Alice was not so pious, though, as to be immune to the lure of beautiful jewellery and dresses. To mark the occasion, she purchased for herself a diamond necklace and earrings, for which the Queen and Prince Albert made a contribution of £1,000, and she was delighted at being presented with the Royal Family Order and a cameo of her parents surrounded by diamonds.
The ceremony took place on 21st April 1859, after which the Queen reported to Vicky that her sister showed such a deep feeling and was ‘altogether so dear, and good, and charming’.
Now she had officially made the transition from childhood to adulthood, and, though she and her mother were reluctant to accept it, the time had come to consider her future and the possibility of marriage.
Chapter 7 –
Her Future is Still Undecided
Three days after her confirmation, Alice celebrated her sixteenth birthday – an occasion which the Queen marked with a sigh of relief that there were as yet no plans for an imminent betrothal. The pain that the Queen had felt at Vicky’s departure and the problems Vicky faced on her arrival in Berlin prompted her to the decision that her younger daughters would not be allowed to marry until they were at least eighteen years old. This suited Alice perfectly. By now she had adjusted to Vicky’s absence and, thoroughly enjoying the benefits of her status as the eldest child at home, she was in no hurry to find a husband, particularly when news from Berlin created an alarming image of marriage.

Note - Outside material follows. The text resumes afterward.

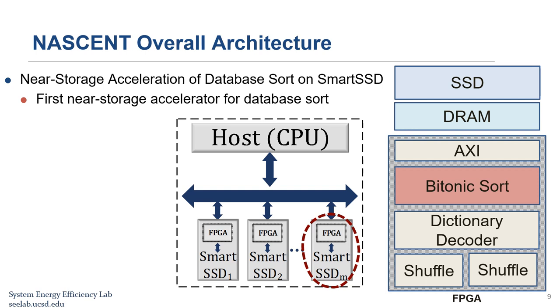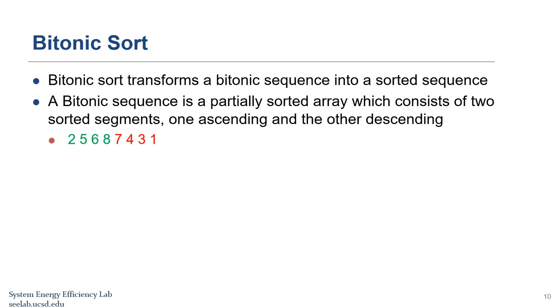The sort kernel is developed based on Bitonic sort, a sorting network that can run in parallel. In a sorting network, the number and order of comparisons are predetermined and data-independent, making it a great algorithm for FPGA as it can be efficiently parallelized. A Bitonic sort first converts an arbitrary sequence into multiple Bitonic sequences — a Bitonic sequence is a partially sorted array consisting of two sorted segments, one ascending and one descending. By merging two Bitonic sequences, it creates a longer Bitonic sequence, proceeding until the entire input is sorted.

In spite of her love for Fritz and his unerring devotion, life in Prussia had not turned out to be quite as idyllic as Vicky had dreamed. By the time of her wedding, Fritz’s father, Prince Wilhelm, was acting as regent for his elder brother, who had suffered a stroke and was no longer deemed capable of ruling. Surrounded by ministers and courtiers who viewed the English princess with suspicion, Prince Wilhelm made it clear that his daughter-in-law’s sole purpose was to provide a son to continue the Hohenzollern dynasty. Although he treated Vicky with courtesy and kindness, far from appreciating her brilliant intellect or welcoming her political opinions, he was convinced that women had no place in politics, and should confine themselves to pleasing their husbands and producing children.
For Vicky, who had been so carefully groomed to play an important role in the country’s future, such attitudes were both baffling and frustrating. While she tried to accommodate the mores of the Prussian court, she could not deny her intelligence or upbringing and found it stifling to remain silent about matters that were close to her – and her father’s – heart. To compound her frustration, Fritz, who shared her liberal views, was repeatedly prevented from participating in affairs of state, and, when Vicky pressed him to stand up to the government ministers, she was accused of attempting to dominate him to mould him to her English ways. In truth, there were times when her tactless comparisons of England and Prussia aroused a good deal of antipathy, and the situation was exacerbated by her regular correspondence with her mother, who frequently reminded her that she was first and foremost an English princess.
If the political scene was frustrating, the tension within the royal household was positively excruciating for Vicky. The rancour between Fritz’s parents presented a stark contrast to her experience of her own parents’ happy marriage, and she found their frequent rows and public disagreements both shocking and painfully embarrassing. Like Vicky, Fritz’ mother, Princess Augusta, held strong liberal views and a desire to influence politics, but her attempts to intervene in the government of the country served only to arouse her husband’s anger and increase their mutual animosity.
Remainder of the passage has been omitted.